I learnt to program in the 1980s on scrounged hardware that makes your
recent "junk" computer look like a supercomputer, and back then had to learn
out of "Learn to program" books and an old Olivetti or IBM BASIC reference
manual, without anyone else to ask for help.

I believe a lot of other coders also just picked up the language through
self-learning.

What I'm saying is that you can't blame a lack of tertiary education for
"missing the bus" on programming. It's quite possible to learn yourself
without too much difficult. Just follow some tutorials, ask here if you get
stuck, and I'm sure you'll be there in no time!

Also, there is a Melbourne-based organisation which provides Perl training
in a more "classical" (ie. classroom + lab) environment, if that's more your
way of learning. Have a chat to Paul and Jacinta at Perl Training Australia
for that - they're world-renowned! :)

> But like I said, I am going to try to like Perl. It must have 
> something going for it if it's included off the bat in PuppyLinux.
> 
> At least programming is something tnat can be learnt. There's stuff 
> that's "you have got it or you haven't". Music and drawing certainly 
> fit that category. Maths probably does. But I do think that anyone can 
> program. Some people might be better at it etc. But anyone can learn 
> to do it. Unlike other things. I could plaster a blackboard with power 
> series in maths. But give me year 6 primary school maths problem 
> solving and I am stuffed. Once I had a third year maths unit where I 
> got 90 percent for texbook work and 10 percent for probalem solving 
> and passed with 56%. I don't know what lateral thinking means. Indeed 
> Edward De Bono probably meant it in a different way to how it is used 
> now. But I am convinced in any case that I have the lateral thinking 
> ability of a pile of cement. In problam solving it's where to start 
> that kills me. Often I don't get past that pt - a blank sheet of paper.
> 
> John

Well, just try an old trick.. If you don't know where to start, just start
anywhere! (And then work organically out from there)

Cheers,
Toby


------------------------------

Message: 2
Date: Fri, 2 Oct 2009 15:21:27 +1000
From: "ajthornton" <jdthornton at ozemail.com.au>
Subject: [Melbourne-pm] Padre IDE
To: <melbourne-pm at pm.org>
Message-ID: <12275AFADEB7404DBE43A8332427A4AB at homepc>
Content-Type: text/plain;	charset="us-ascii"

      
        So, one thing that I have to ask.
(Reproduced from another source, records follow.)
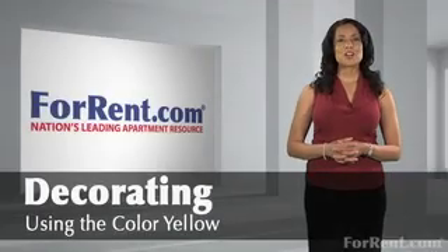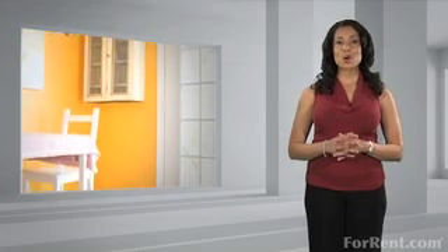Hi and welcome to ForRent.com. Want to refresh your home using the color yellow? Add yellow to a room with black and white furniture and strong silhouettes. You'll make an impact.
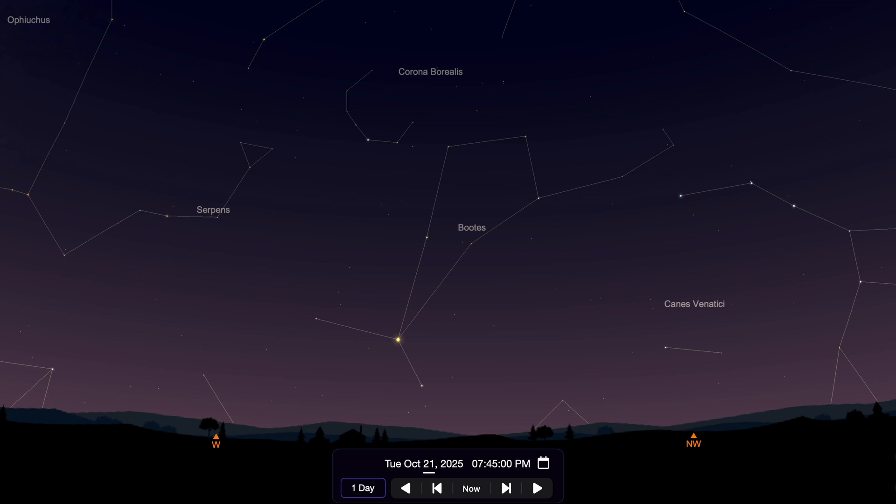If your horizon is low enough, look for the bright star Arcturus and begin to work your way up the constellation Boötes, where you will find Comet Lemon positioned between two stars in this constellation.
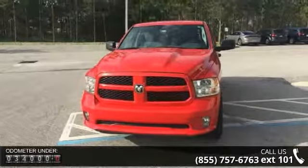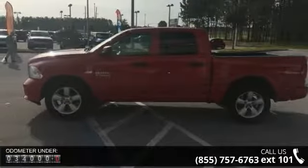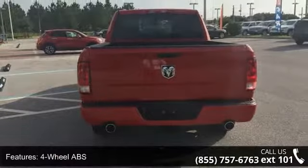This vehicle's top features include 4-wheel ABS, 4-wheel disc brakes, 8-cylinder engine, adjustable steering wheel, aluminum wheels, auto-off headlights, backup camera, Bluetooth, brake assist, and child safety locks.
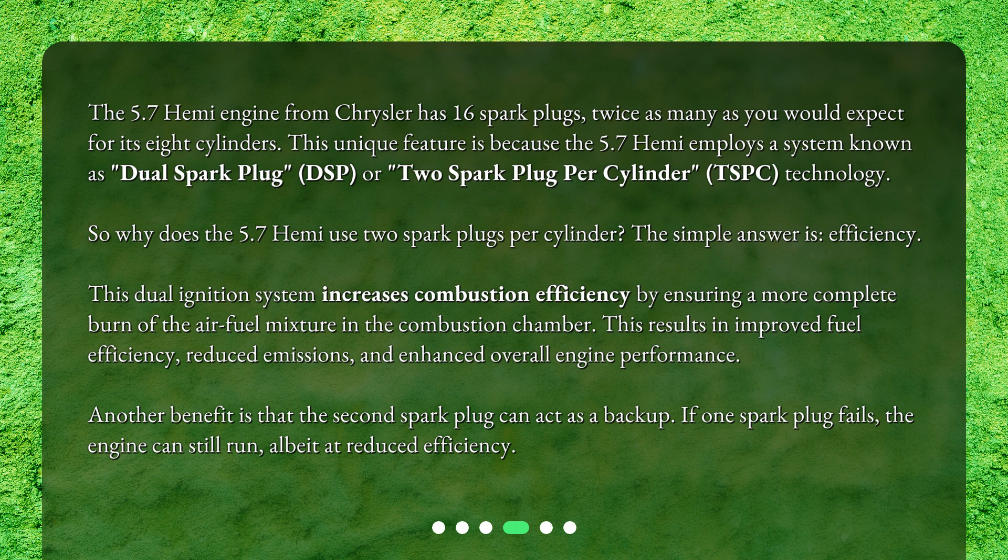Another benefit is that the second spark plug can act as a backup. If one spark plug fails, the engine can still run, albeit at reduced efficiency.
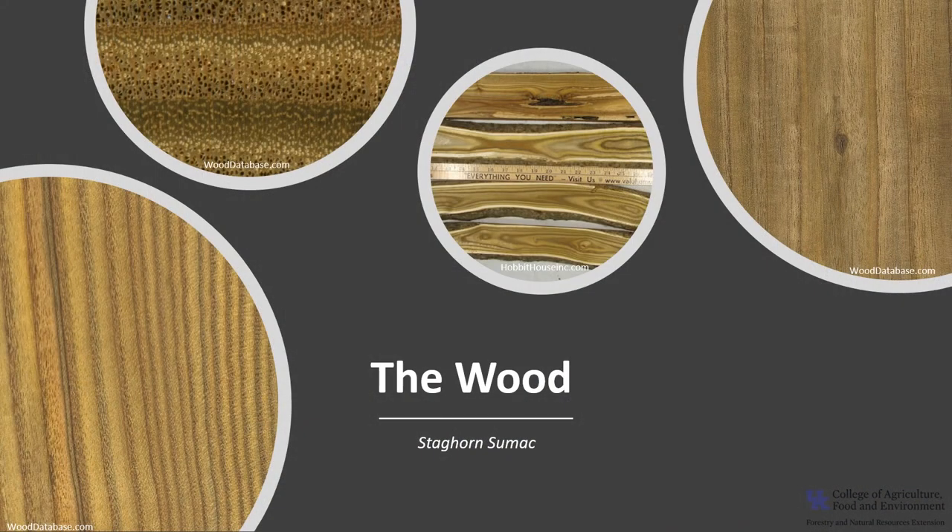Staghorn sumac wood has a consistently yellow-to-olive-green coloration, one of the few woods that do. The sapwood is grayish-white. It is ring-porous or semi-ring-porous, which is wood that has larger vessels in the early wood — the wood formed in the early part of the growing season — than in the late wood formed later in the growing season. The early wood and late wood vessels form one growth ring. Ring-porous structure is mainly present in regions with distinct seasons. Sumac is rated as non-durable regarding decay resistance. It is not a commercially important wood due to the tree's small size, but is occasionally harvested by hobbyists for specialty wood products.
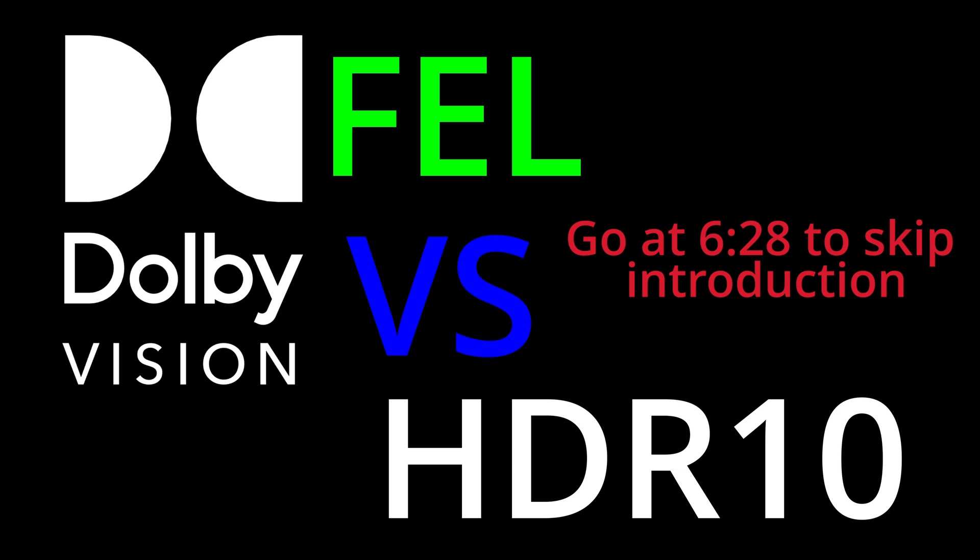Hey everyone, I recently upgraded to the new LG OLED G5, and let me tell you, this TV is insanely bright, pushing over 2400 nits. With that kind of peak brightness, it can display most content without any need for tone mapping. But despite that, I wanted to make this video to show you why using Dolby Vision still matters, even on a display this powerful.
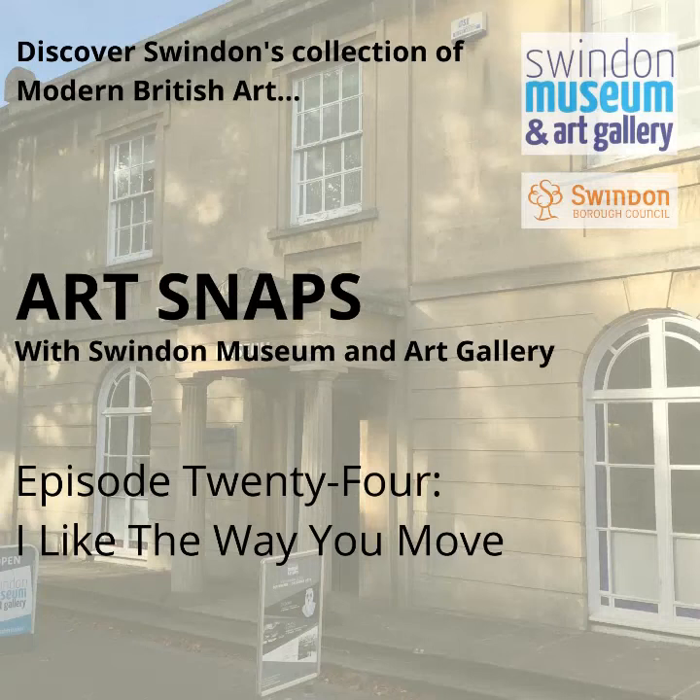Hello and welcome to ArtSnaps. Thank you for joining me. I'm Katie, I work at Swindon Museum and Art Gallery, which has — we like to brag — a pretty amazing collection of modern and contemporary British art.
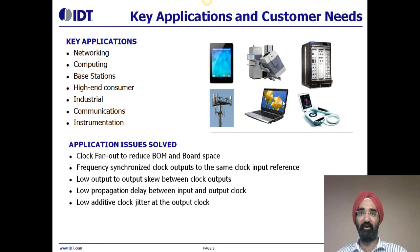Application issues solved by clock buffers include clock fan-out to reduce bill of material in board space. Fan-out buffers enable frequency-synchronized clock outputs to the same clock input reference. Fan-out buffers also enable low output-to-output skew between clock outputs, low propagation delay between input and output clock, and low additive clock jitter at the output clock.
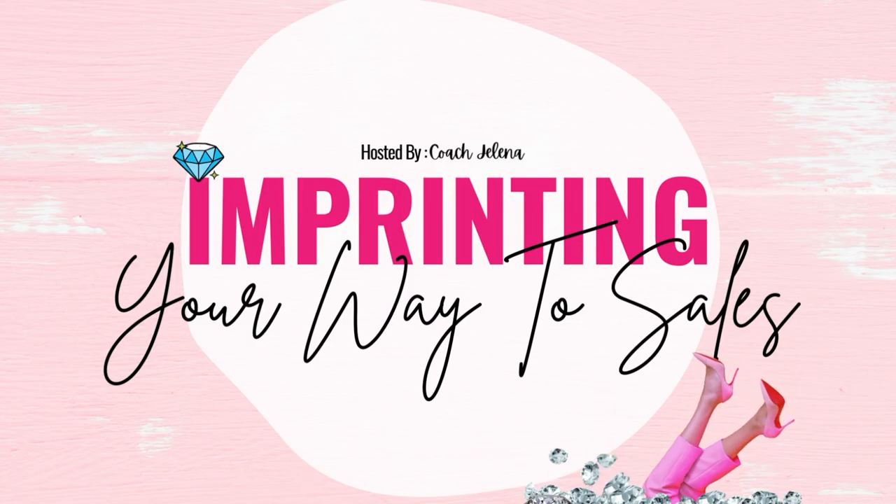What's up sis, we're back with another video for you. Before we get started, March 9th at 6 o'clock PM, your favorite coach is hosting the Imprint Your Way to Sales, Marketing and Branding webinar. I would love if you guys pulled up and learned some knowledgeable information pertaining to marketing and business when it comes to your website.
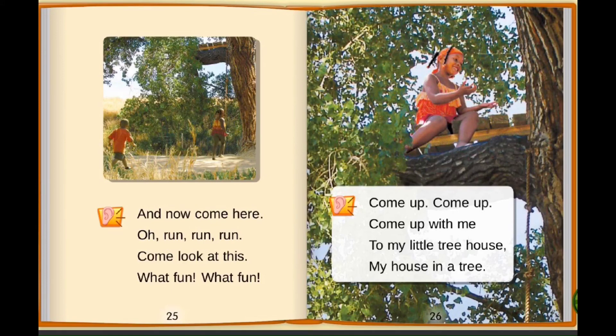And now come here. Oh, run, run, run. Come, look at this. What fun, what fun. Come up, come up. Come up with me to a little tree house. My house in a tree.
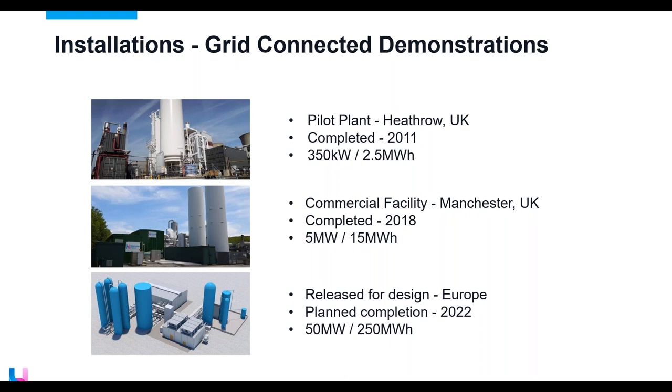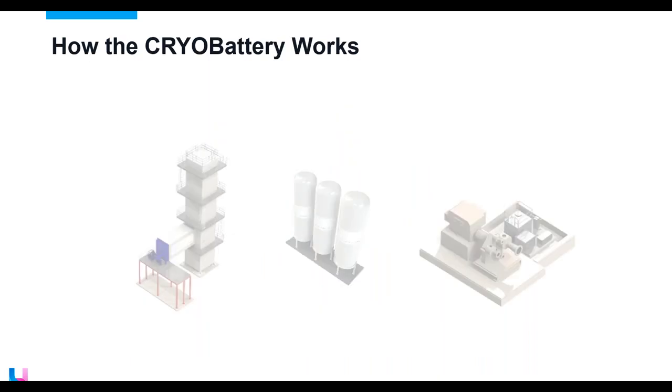We have a couple of systems deployed already: a small pilot — the first cryogenic energy storage system in the world — and at the beginning of last summer we commissioned our five megawatt commercial demonstration facility, currently operating and providing grid services commercially to the UK National Grid in England. A couple of weeks ago we announced our first fully commercial full-scale system: a 50 megawatt, five-hour system scheduled for completion in 2022.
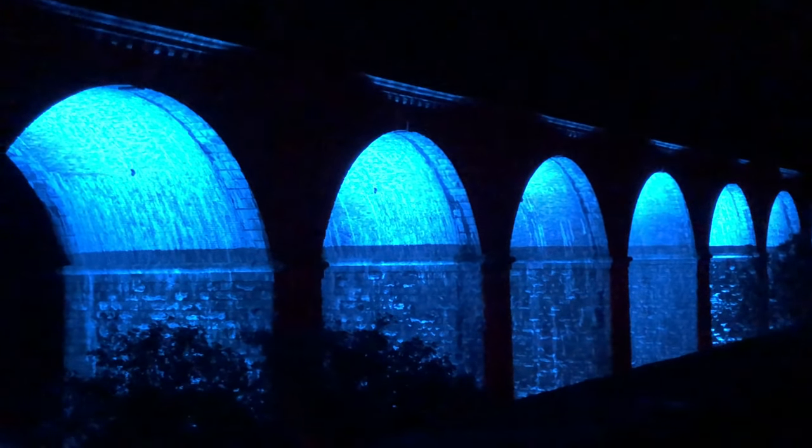Here we are now stood on Chirk Aqueduct looking over at the viaduct arches being lit up. It's a shame I couldn't wander underneath these arches — I hadn't got my torch. When I got under Pontcysyllte Aqueduct after visiting Chirk, I was gutted I hadn't run down to see both sets of these arches lit up from underneath.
Great help so far! According to
Arthur Griffiths it is unwise in Java to have both IDE and command line on
the same machine - he says that it makes the programming "unstable" and "you
can't really trust it".

        So with Padre, will it cause instability to have both it and command
line perl on the same machine?

       John  



------------------------------

Message: 3
Date: Fri, 02 Oct 2009 07:51:19 +0200
From: Shlomi Fish <shlomif at iglu.org.il>
Subject: Re: [Melbourne-pm] FW:  Bamboozled by perl
To: melbourne-pm at pm.org
Cc: ajthornton <jdthornton at ozemail.com.au>
Message-ID: <200910020751.19714.shlomif at iglu.org.il>
Content-Type: Text/Plain; charset=iso-8859-1

Hi John!

See below for my response.

On Friday 02 Oct 2009 06:37:15 ajthornton wrote:
> -----Original Message-----
> From: ajthornton [mailto:jdthornton at ozemail.com.au]
> Sent: Friday, 2 October 2009 2:37 PM
> To: 'Toby Corkindale'
> Subject: RE: [Melbourne-pm] Bamboozled by perl
> 
> OK. That works! :)
> 
> I have a folder called perlstuff with source code in it so I went cd 
> perlstuff and then perl perlme.pl
> 
> I get hello world in the terminal as desired.
> 
> OK. Your reward for helping me is that I will try to like Perl!!!!! I 
> am in the final analysis pragmatic; if a language helps my health, 
> welath and happiness I will persist with it. I even had fun with 
> Prolog a few months ago. I grabbed a free IDE and some tutorials and 
> actually some progress, albeit ata  beginner level, and had a lot of 
> fun. I thought that I would give it up after 5 mins - I had heard that it
was this weird language that
> did this out there AI stuff. But I was still going after a few weeks.   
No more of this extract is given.